Exercise details
Once you reach the line containing "Les chiots de Berger Australien" in the entries below, write out that line and each one after it down to the line containing "Colusiwei Irregular Geometric", exactly and with nothing added.

Available data

___

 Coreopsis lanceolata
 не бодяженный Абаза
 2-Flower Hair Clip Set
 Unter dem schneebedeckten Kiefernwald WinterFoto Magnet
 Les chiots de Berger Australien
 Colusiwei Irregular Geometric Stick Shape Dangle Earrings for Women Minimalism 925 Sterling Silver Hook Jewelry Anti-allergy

___

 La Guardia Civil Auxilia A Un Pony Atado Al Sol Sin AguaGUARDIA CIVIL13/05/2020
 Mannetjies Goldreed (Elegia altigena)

___

Result for this exercise
 Les chiots de Berger Australien
 Colusiwei Irregular Geometric Stick Shape Dangle Earrings for Women Minimalism 925 Sterling Silver Hook Jewelry Anti-allergy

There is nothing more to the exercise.